Re: Collation versioning - Mailing list pgsql-hackers

From Julien Rouhaud
Subject Re: Collation versioning
Date
Msg-id CAOBaU_aL=4f67L+m2s28DmiaacZ=Dn75BZY-HGmEq1WquGa-Jg@mail.gmail.com
Whole thread Raw
In response to Re: Collation versioning  (Julien Rouhaud <rjuju123@gmail.com>)
Responses Re: Collation versioning
List pgsql-hackers
On Mon, Nov 4, 2019 at 11:13 AM Julien Rouhaud <rjuju123@gmail.com> wrote:
>
> On Mon, Nov 4, 2019 at 4:58 AM Thomas Munro <thomas.munro@gmail.com> wrote:
> >
> > Unfortunately I haven't had time to work on it seriously, but here's a
> > quick rebase to get the proof-of-concept back into working shape.

Thanks!  I also removed the test for REFRESH VERSION command that was
forgotten in the patch set, and run a pgindent.

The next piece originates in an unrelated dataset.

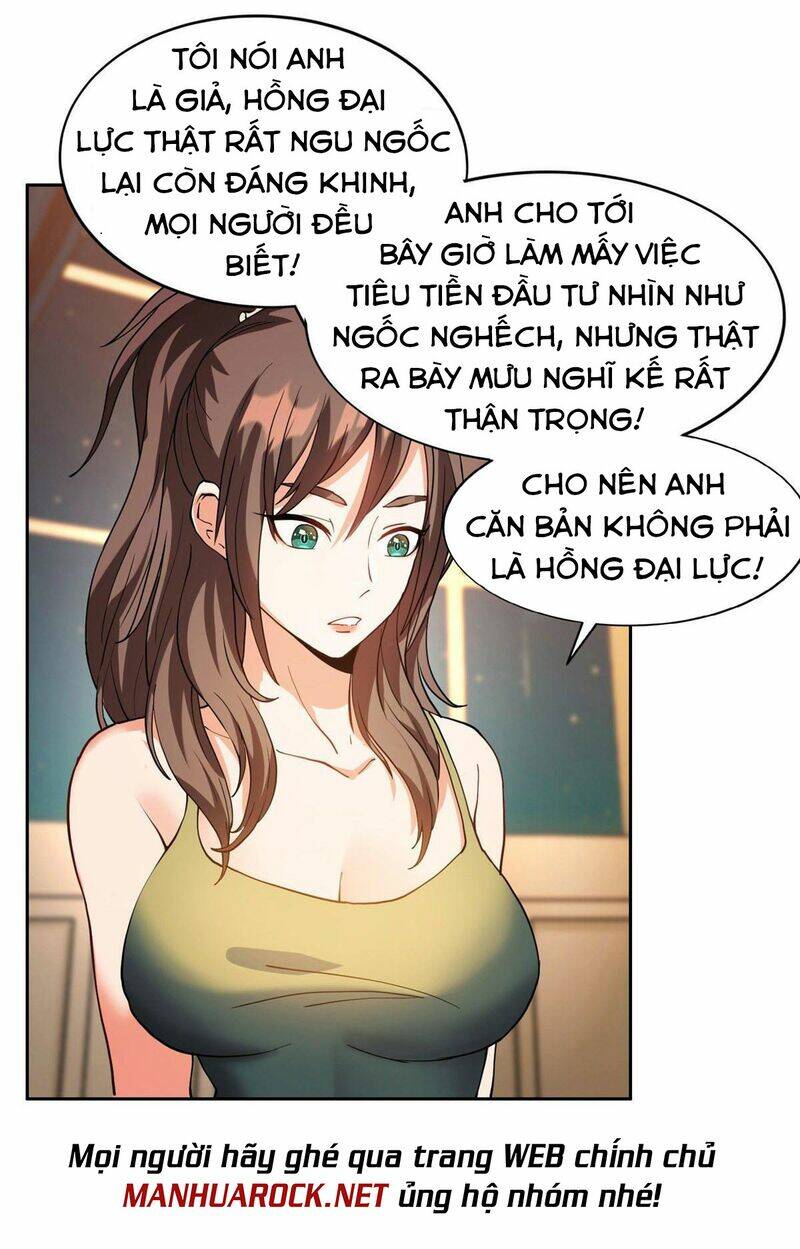 Trọng Sinh Chi Thần Cấp Bại Gia Tử - Chapter 11 - Page 12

> > Here are some problems to think about:
> >
> > * We'd need to track dependencies on the default collation once we
> > have versioning for that (see
> > https://www.postgresql.org/message-id/flat/5e756dd6-0e91-d778-96fd-b1bcb06c161a%402ndquadrant.com).
> > That is how most people actually consume collations out there in real
> > life, and yet we don't normally track dependencies on the default
> > collation and I don't know if that's simply a matter of ripping out
> > all the code that looks like "xxx != DEFAULT_COLLATION_ID" in the
> > dependency analysis code or if there's more to it.
>
> This isn't enough.  What would remain is:
>
> - teach get_collation_version_for_oid() to return the  default
> collation name, which is simple
> - have recordDependencyOnVersion() actually records the dependency,
> which wouldn't happen as the default collation is pinned.
>
> An easy fix would be to teach isObjectPinned() to ignore
> CollationRelationId / DEFAULT_COLLATION_OID, but that's ugly and would
> allow too many dependencies to be stored.  Not pinning the default
> collation during initdb doesn't sound a good alternative either.
> Maybe adding a force flag or a new DependencyType that'd mean "normal
> but forced" would be ok?

Attached 4th patch handles default collation.  I went with an
ignore_systempin flag in recordMultipleDependencies.

>
> > * Andres mentioned off-list that pg_depend rows might get blown away
> > and recreated in some DDL circumstances.  We need to look into that.

I tried various flavour of DDL but I couldn't wipe out the pg_depend
rows without having an index rebuild triggered (like changing the
underlying column datatype).  Do you have any scenario where the index
rebuild wouldn't be triggered?

> > * Another is that pg_upgrade won't preserve pg_depend rows, so you'd
> > need some catalog manipulation (direct or via new DDL) to fix that.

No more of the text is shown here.